Ich persönlich habe einen sehr hohen Respekt vor den scheinbar zunehmenden Meeresnaturgewalten – zuviel ist hier noch unerforscht - und verfolge auch relativ aufmerksam die Wartung der Personen-Schiffe, die wir regelmäßig benutzen in den Werften und schaue mir auch danach zugängliche techn. Details der Schiffe beispielhaft sehr genau vor Ort an; z.B. die Passagierpreise sind dann eher tertiär, die relative Sicherheit der Schiffe für meine Familie auf den Schiffen ist mir primär wichtig, alles andere beurteile ich völlig untergeordnet.

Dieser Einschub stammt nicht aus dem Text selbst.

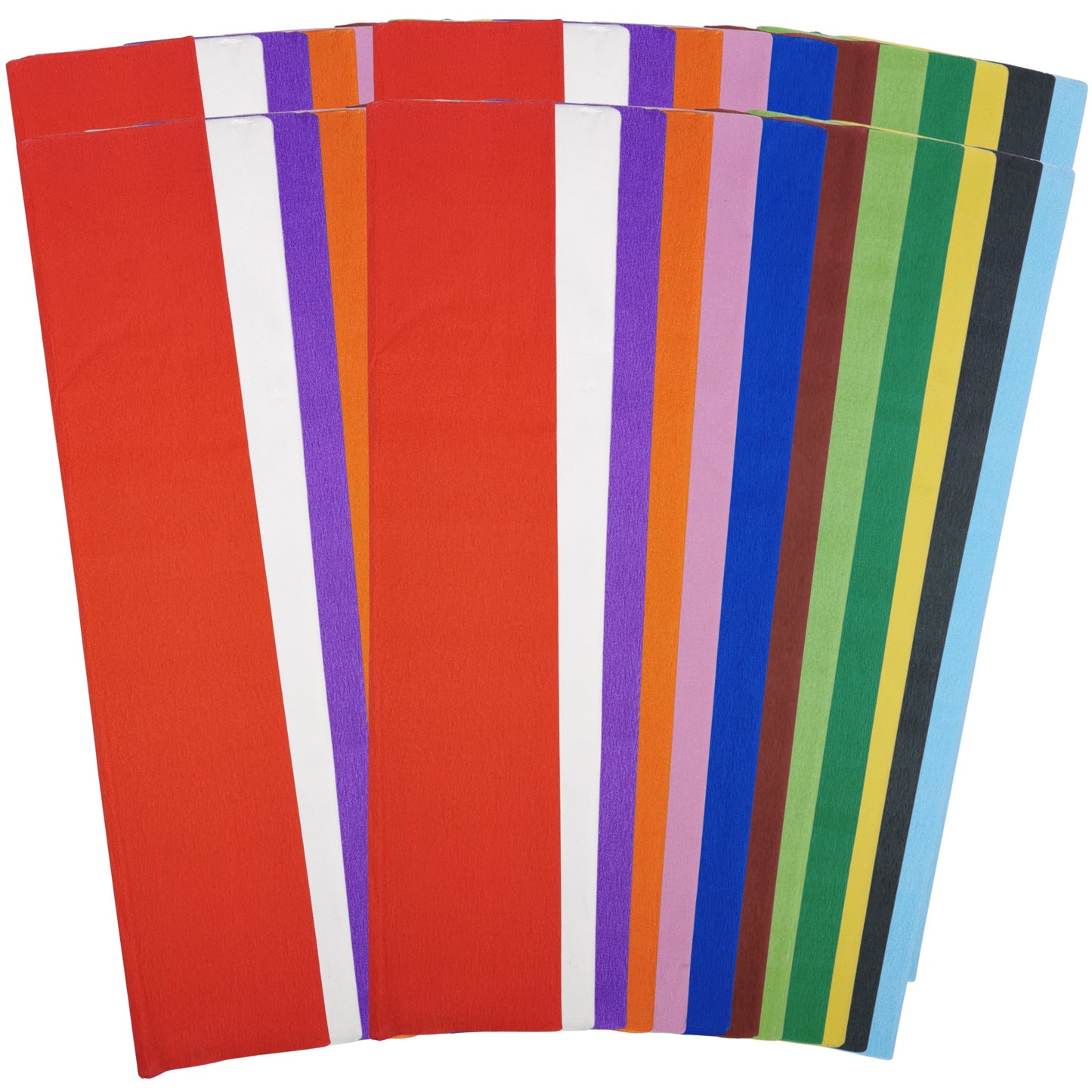 48 Assorted Large Crepe Paper Sheets For Flower Crafting & Gift Wrapping 50cm x 300cm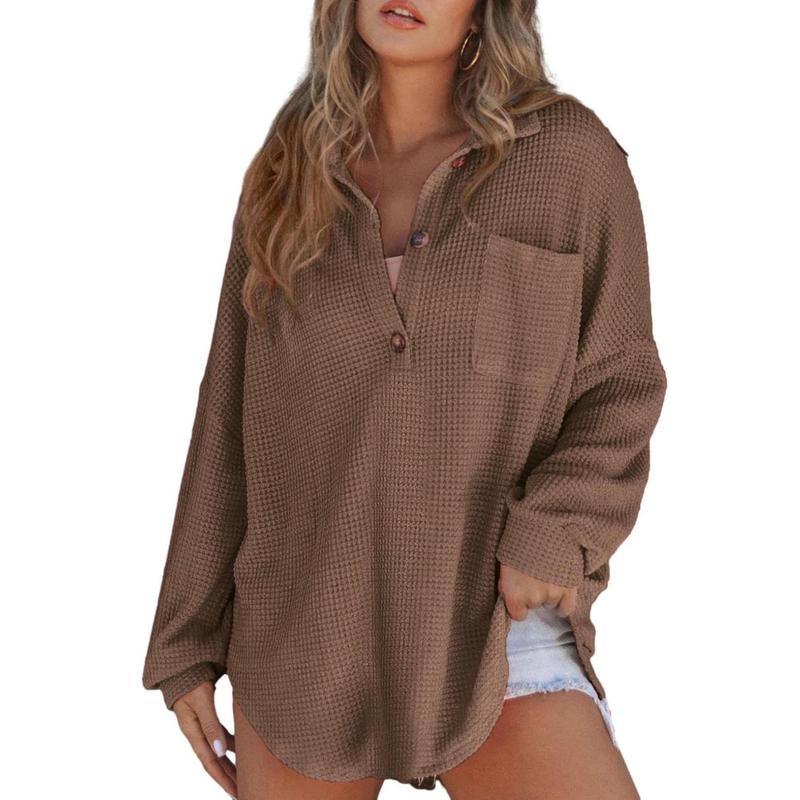 The Joséphine Waffle-Knit V-Neck Sweater — styled detail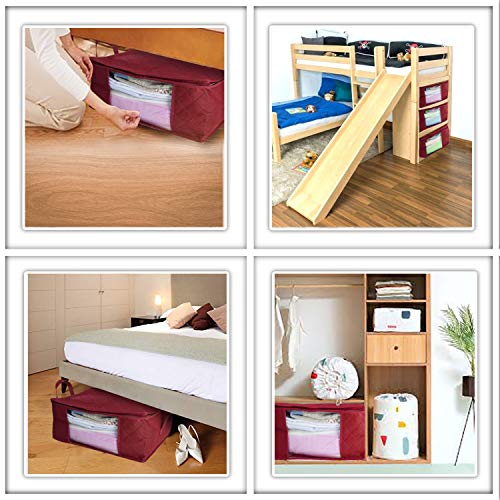 Woffit Foldable Storage Bag Organizers, Large Clear Window & Carry Handles, Great for Clothes, Blankets, Towels, Winter & Summer Clothing, Closets, Bedrooms, Under Bed & More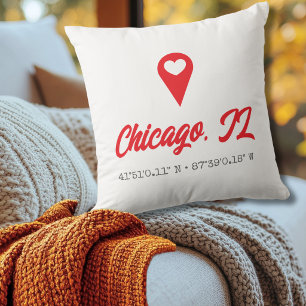 Custom Heart Map Marker Cushion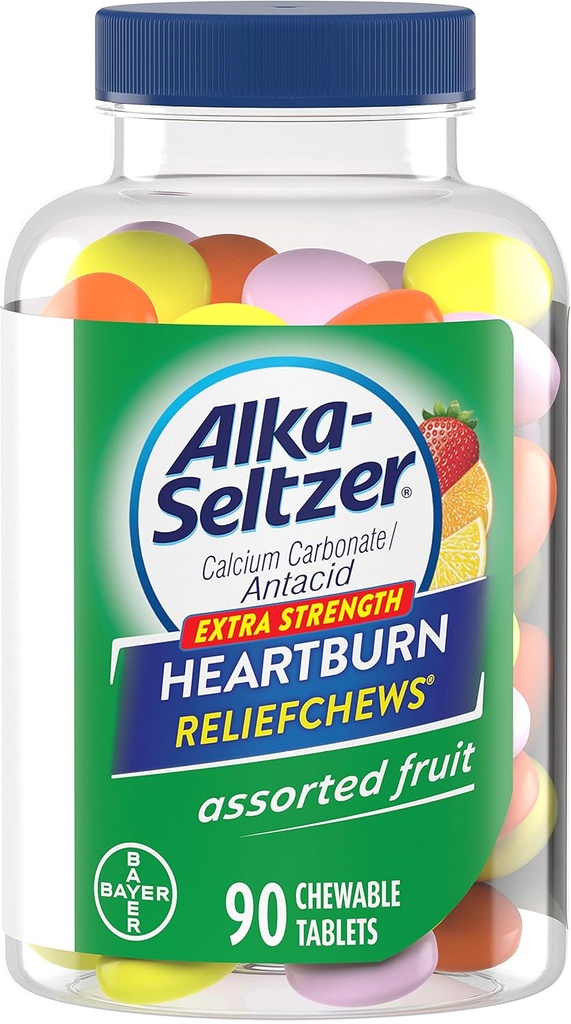 Alka-Seltzer Extra Strength Heartburn ReliefChews - Heartburn, Acid Indigestion 및 Sour Stomach의 구호 - 모듬 레몬, 오렌지 딸기 풍미 - 90 카운트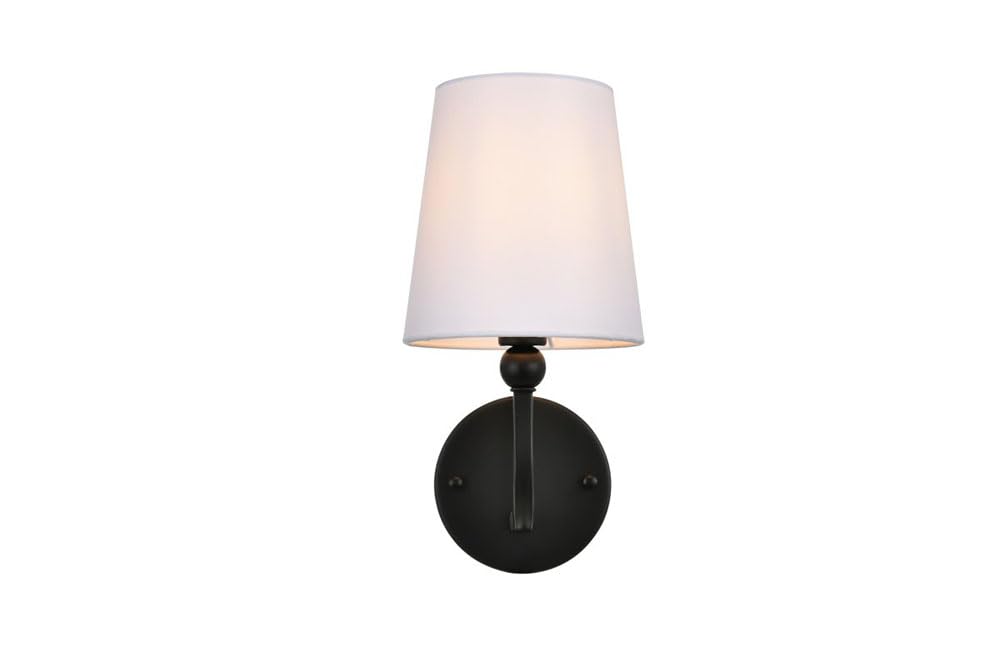 Living District Colson 1-Light Metal & Fabric Bath Sconce In Black/White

Z.B stellt Hurtigruten – in einer wirklich wirtschaftlich sehr schwierigen Zeit für das Unternehmen - zurzeit techn. Inspektoren ein; DAS finde ich löblich – und Dank an den neuen Hurtigruten-Chef, der extrem effizient umherwirbelt im Konzern und eine schier unlösbare Aufgabe vor der Brust hat - und auch sehr zukunftsweisend in jeglicher Richtung; leider ist „Sicherheit“ scheinbar kein Vermarktungsargument und nur bunte Katalog-Bildchen und „supersonder“-„Special-Preise“ zählen bei „Marketing und Vertrieb“.
Können Menschenleben wirklich mit „Billig-Billig-Preis-Propaganda“, Ausflaggen irgendwohin, „Effizienz von Wartungs- und Instandhaltungskosten, Einsparung von Service-Personalkosten bei Ausflaggung etc. aufgerechnet werden?

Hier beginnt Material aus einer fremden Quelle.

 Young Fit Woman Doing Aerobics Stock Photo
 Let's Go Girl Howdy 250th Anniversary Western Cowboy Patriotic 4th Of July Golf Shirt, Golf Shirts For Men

Ich reise vorzugsweise mit renommierten norwegischen Reedereien, weil diese die obigen Ziele NICHT verfolgen und ich freue mich insbesondere für jeden Norweger, der auf diesen Schiffen ausgebildet wird und einen sozialverträglichen Arbeitsplatz findet!!

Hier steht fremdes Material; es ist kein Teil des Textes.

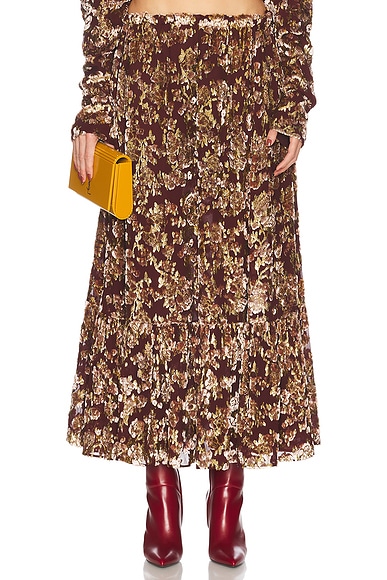 Saint Laurent High Waisted Midi Skirt in Bordeaux Vieux Rose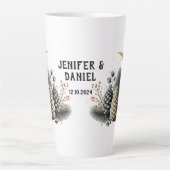 Pinecones and Crescent Moon Winter Love Latte Mok (Voorkant)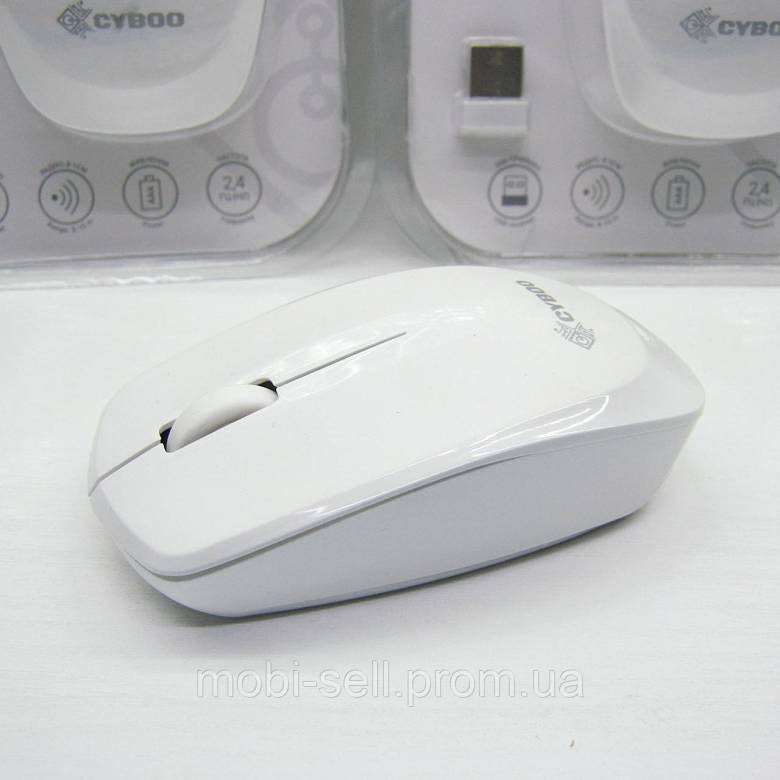 Миша бездротова Cyboo White 2.4 GHz Optical Mouse, 3V / ААA - фото фото фото 0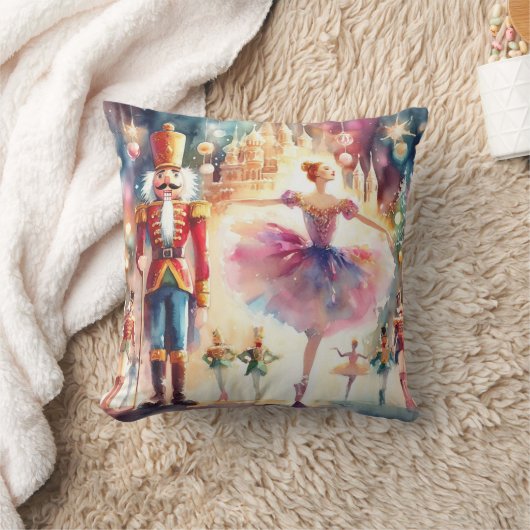 くるみクラッカーバレエ水彩クリスマスバレリーナ クッション (ブランケット)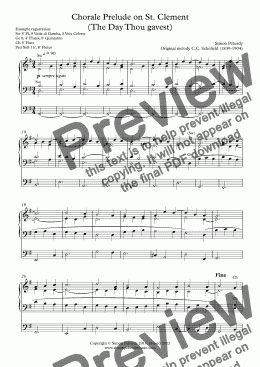 page one of Organ Chorale Prelude on St. Clement (The Day Thou gavest)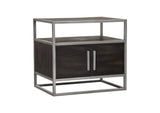 Empire 2-Door End Table in Dark Brown Veneer with Hand brushed Silver Metal Frame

Ich entschuldige mich, es ist wohl etwas abseits vom Thema, aber was ist wichtiger als eine kontrollierte, relative Sicherheit bei der Nutzung von Technik für die reisenden Familien, hier z.B. von Schiffstechnik – das sollte doch allen ein Anliegen sein; diese „techn. Estonia-Reports“ stecken mir immer noch in „den Knochen“, ganz unabhängig was die „Unfallursache“ wirklich war.
Das zu meinen Gedanken zur allgemeinen Schiffssicherheit und zum Auflaufen der "Grömitz".
Viele Grüße und immer min. einen cm Wasser unter dem Kiel – besser um Potenzen mehr beim Schippern über die unzähligen Untiefen in der norwegischen Küsten-See.